(Exercise inputs)
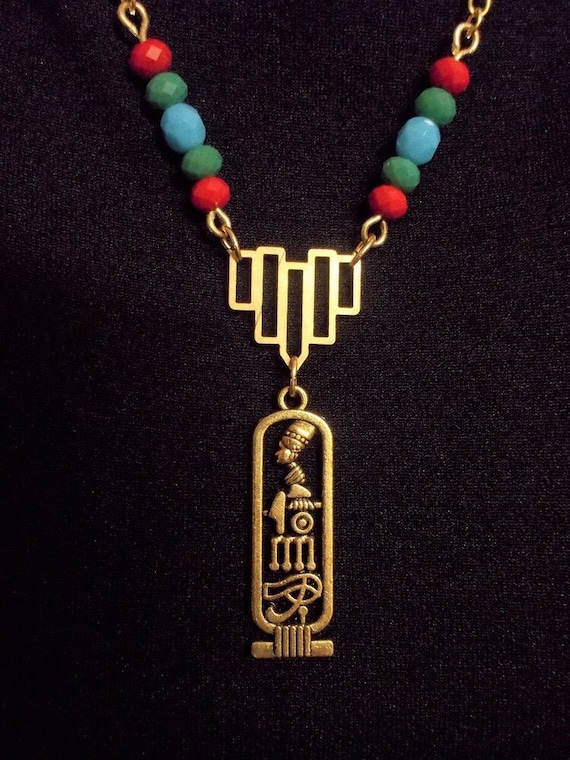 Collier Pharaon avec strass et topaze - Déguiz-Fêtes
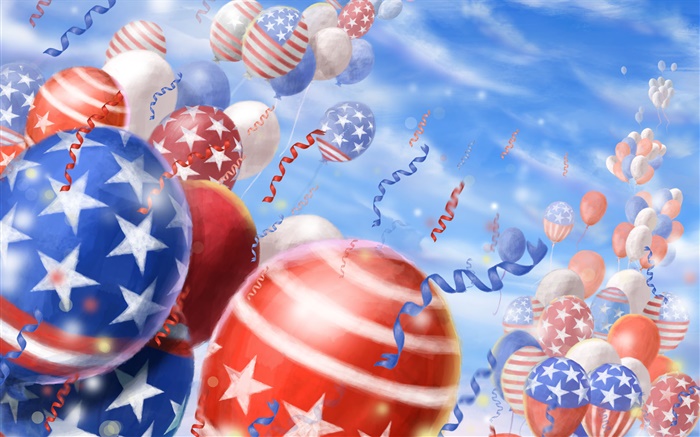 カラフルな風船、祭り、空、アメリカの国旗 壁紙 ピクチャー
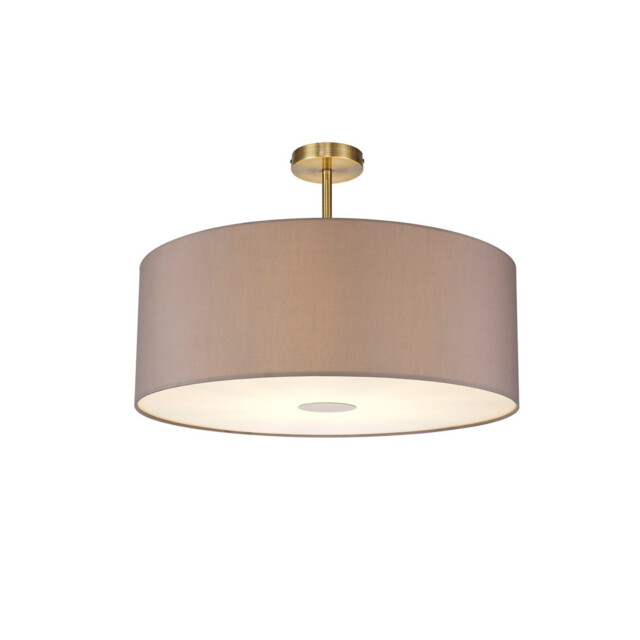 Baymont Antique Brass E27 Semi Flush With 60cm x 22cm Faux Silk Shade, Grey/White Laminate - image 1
(End Exercise inputs)
(Exercise inputs)
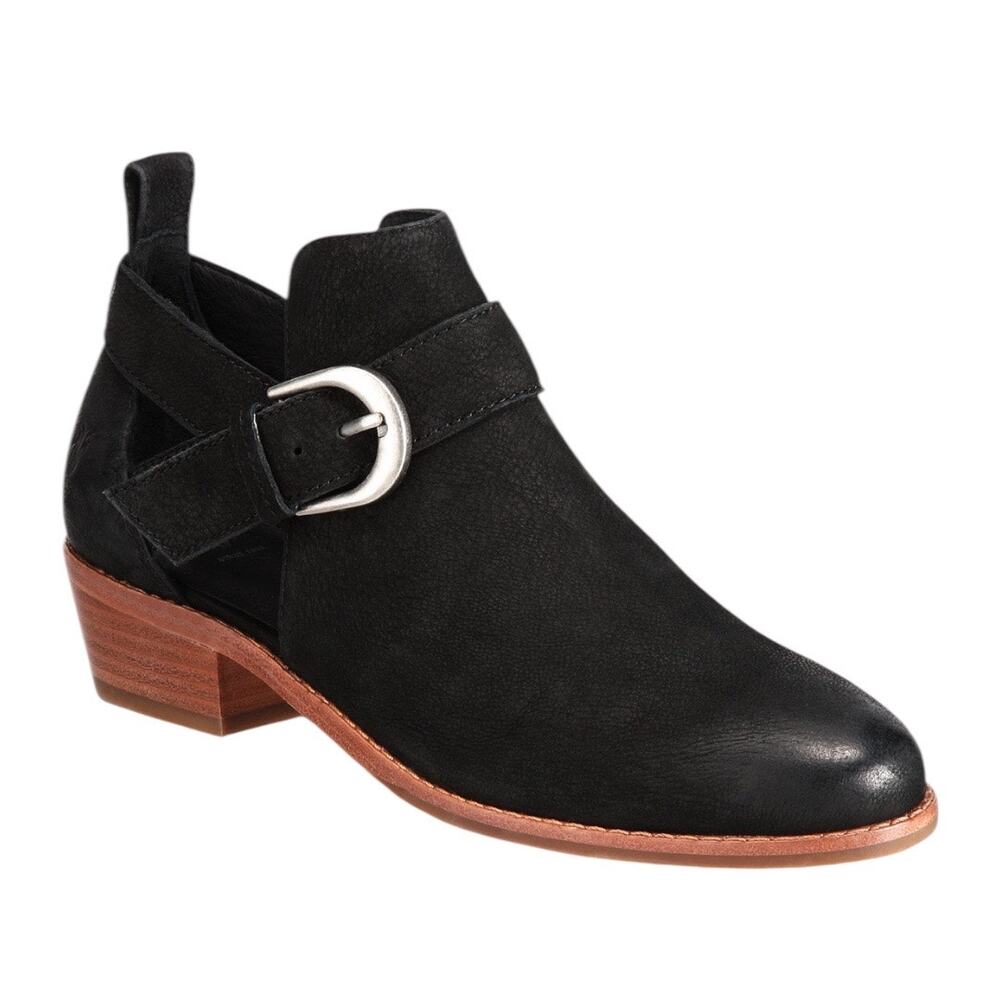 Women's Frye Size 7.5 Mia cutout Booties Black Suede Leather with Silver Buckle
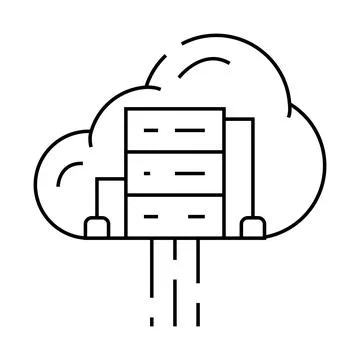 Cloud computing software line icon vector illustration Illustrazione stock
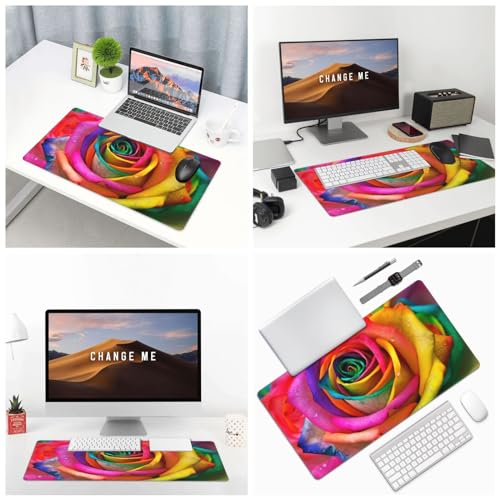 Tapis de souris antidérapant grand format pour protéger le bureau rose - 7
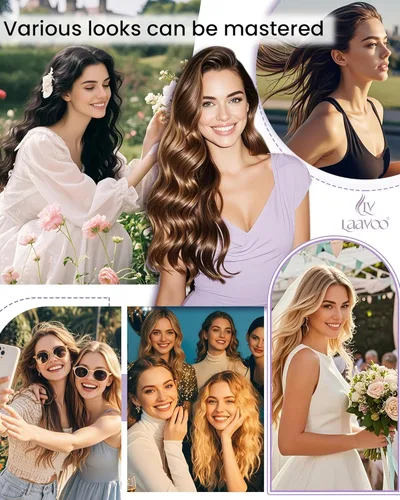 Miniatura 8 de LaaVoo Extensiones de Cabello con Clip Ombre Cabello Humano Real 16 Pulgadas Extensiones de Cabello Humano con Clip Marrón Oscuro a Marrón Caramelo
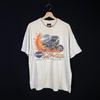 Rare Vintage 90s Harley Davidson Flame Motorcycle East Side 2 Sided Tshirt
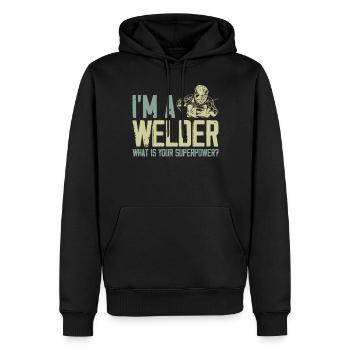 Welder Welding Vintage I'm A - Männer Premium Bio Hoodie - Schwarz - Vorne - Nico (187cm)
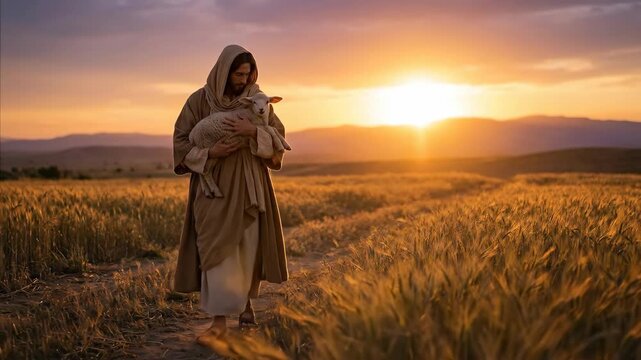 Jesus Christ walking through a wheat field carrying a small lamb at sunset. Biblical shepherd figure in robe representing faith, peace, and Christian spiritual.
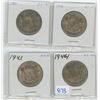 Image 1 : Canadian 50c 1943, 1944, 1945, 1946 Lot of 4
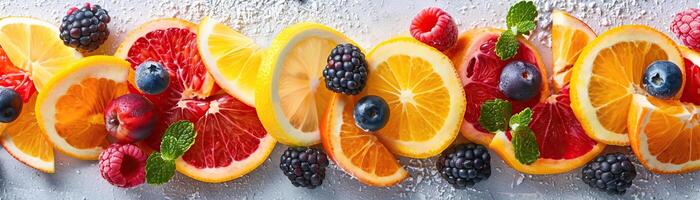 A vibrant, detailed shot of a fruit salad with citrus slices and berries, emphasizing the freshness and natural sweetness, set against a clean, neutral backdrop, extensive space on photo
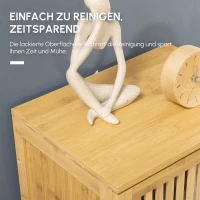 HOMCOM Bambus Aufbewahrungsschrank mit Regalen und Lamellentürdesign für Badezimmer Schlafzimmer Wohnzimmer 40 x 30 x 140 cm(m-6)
(End Exercise inputs)
(Exercise inputs)
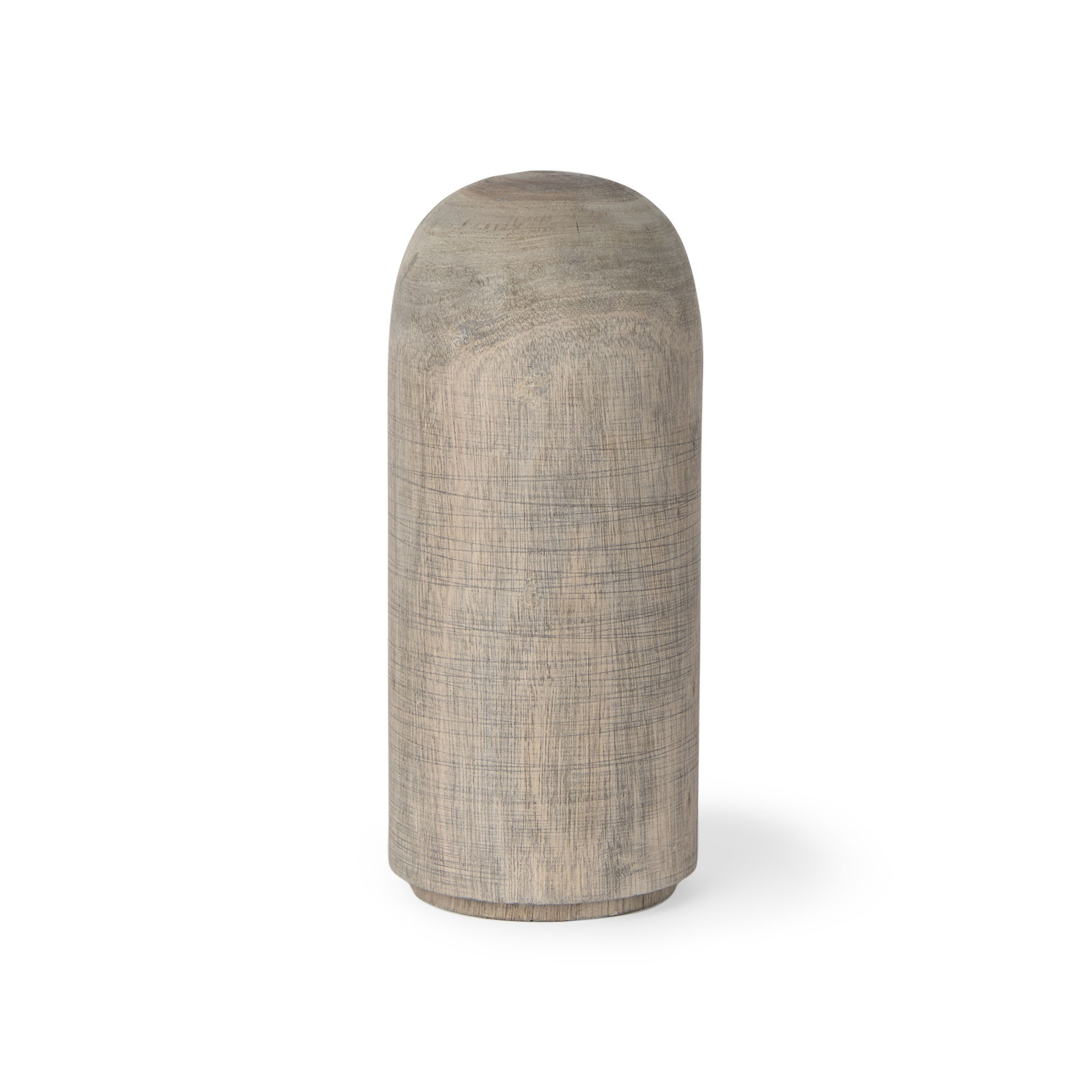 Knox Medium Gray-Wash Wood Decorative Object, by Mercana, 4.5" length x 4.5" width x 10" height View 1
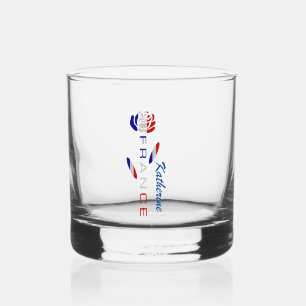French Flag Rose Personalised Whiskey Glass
(End Exercise inputs)
Exercise directions: For this task, return exactly the stretch of the listing above from the line with "Tapis de souris" through the line with "Welder Welding Vintage", inclusive and without pictures.

Result of the task:
 Tapis de souris antidérapant grand format pour protéger le bureau rose - 7
 Miniatura 8 de LaaVoo Extensiones de Cabello con Clip Ombre Cabello Humano Real 16 Pulgadas Extensiones de Cabello Humano con Clip Marrón Oscuro a Marrón Caramelo
 Rare Vintage 90s Harley Davidson Flame Motorcycle East Side 2 Sided Tshirt
 Welder Welding Vintage I'm A - Männer Premium Bio Hoodie - Schwarz - Vorne - Nico (187cm)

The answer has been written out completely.